DATASET CONTENT:
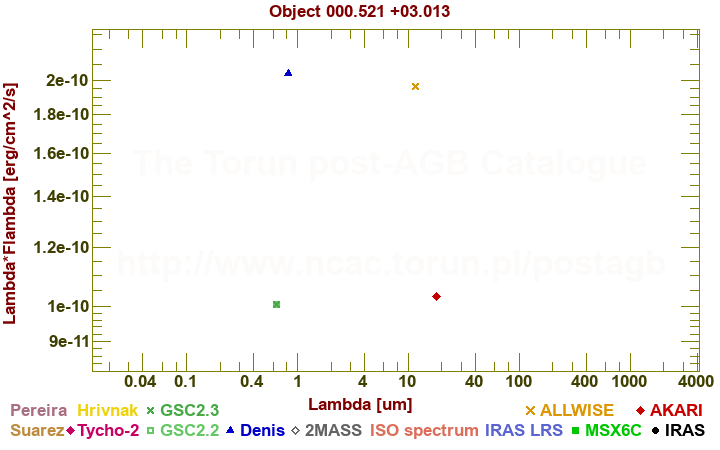 SED diagram erg cm-2 s-1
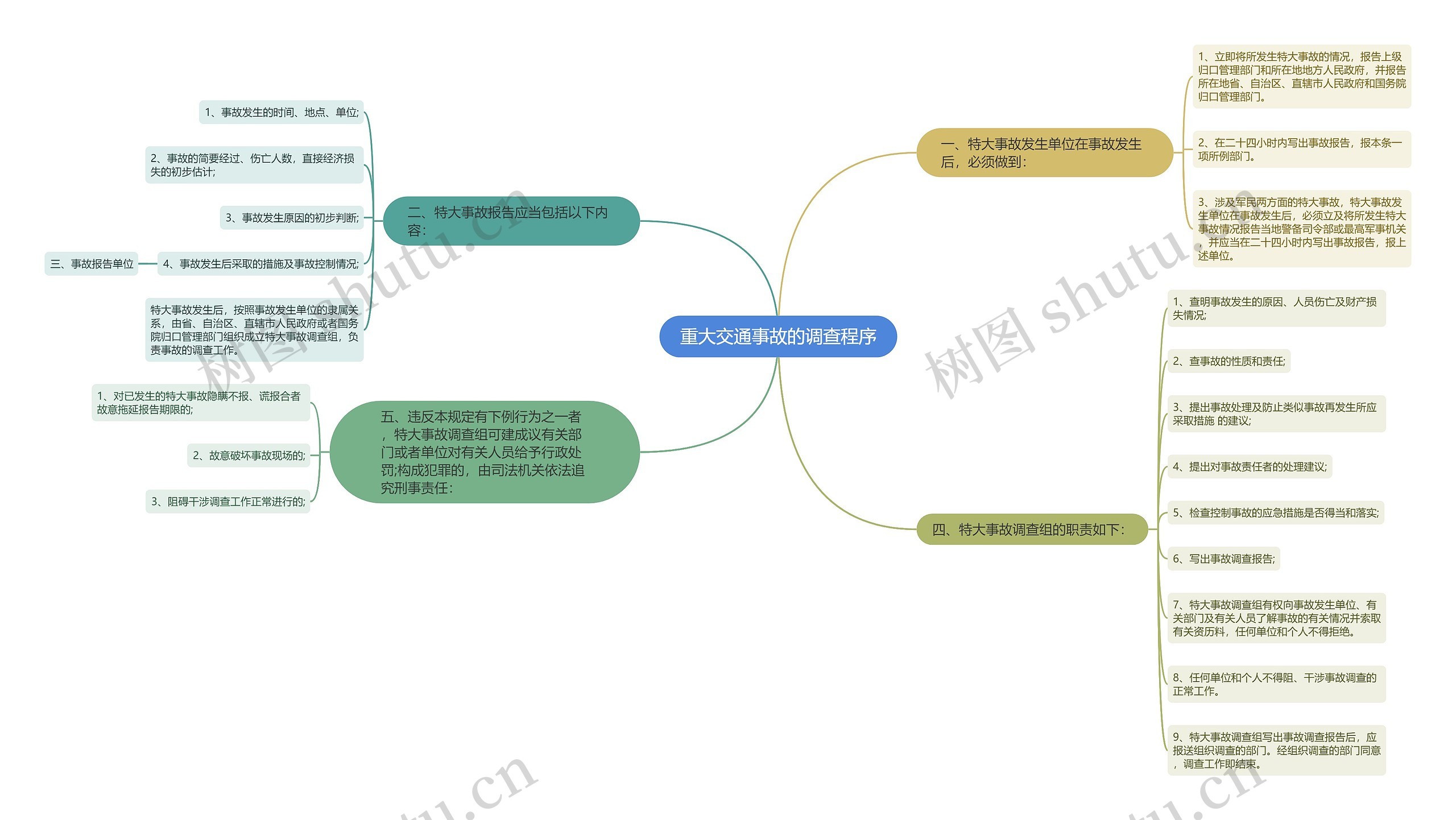 重大交通事故的调查程序思维导图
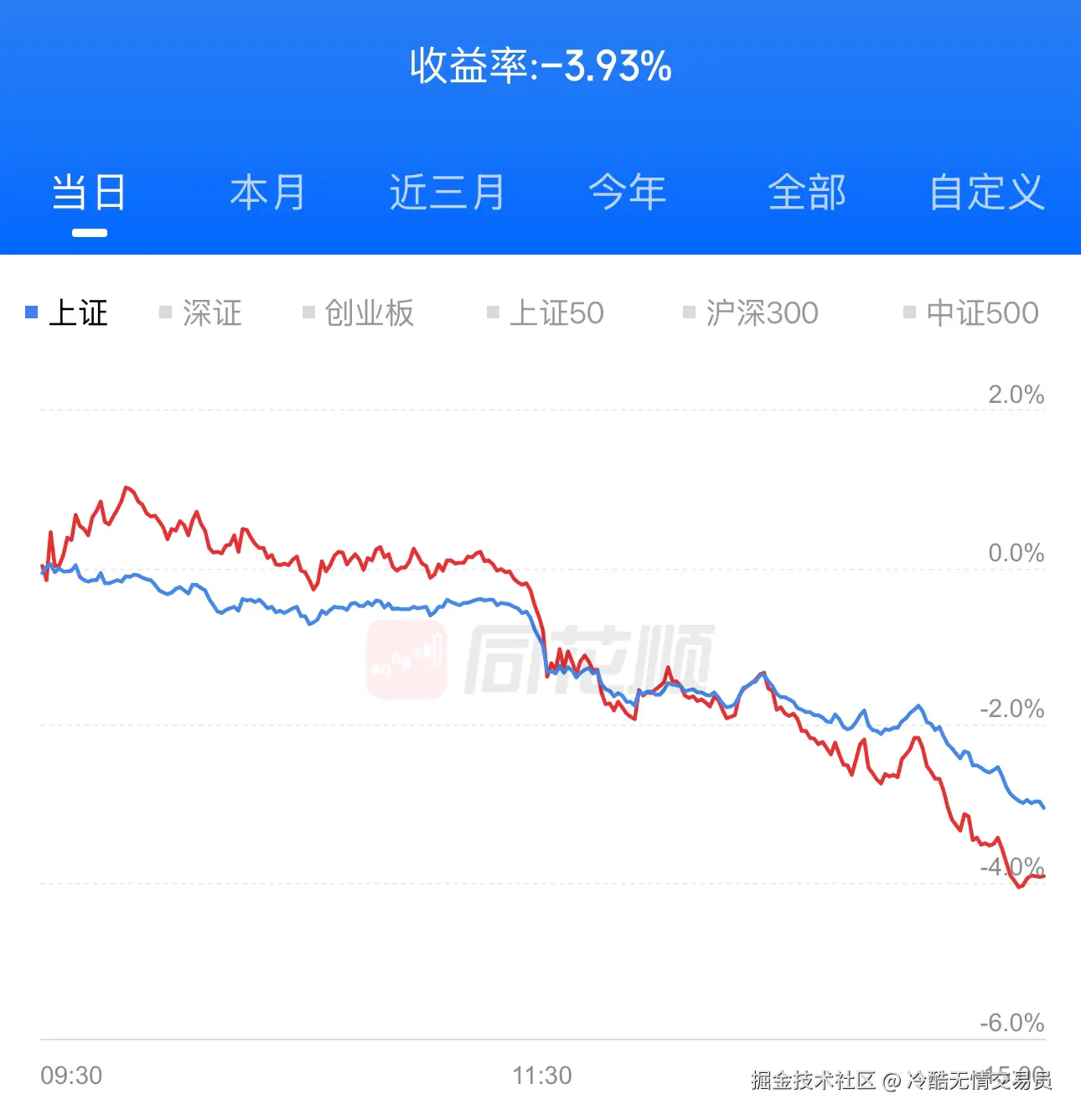 冷酷无情交易员于2024-11-22 15:42发布的图片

YOUR OBJECTIVE: Word-for-word output of the material above is needed, with the pictures left out.

TASK ANSWER:
 SED diagram erg cm-2 s-1
 重大交通事故的调查程序思维导图
 冷酷无情交易员于2024-11-22 15:42发布的图片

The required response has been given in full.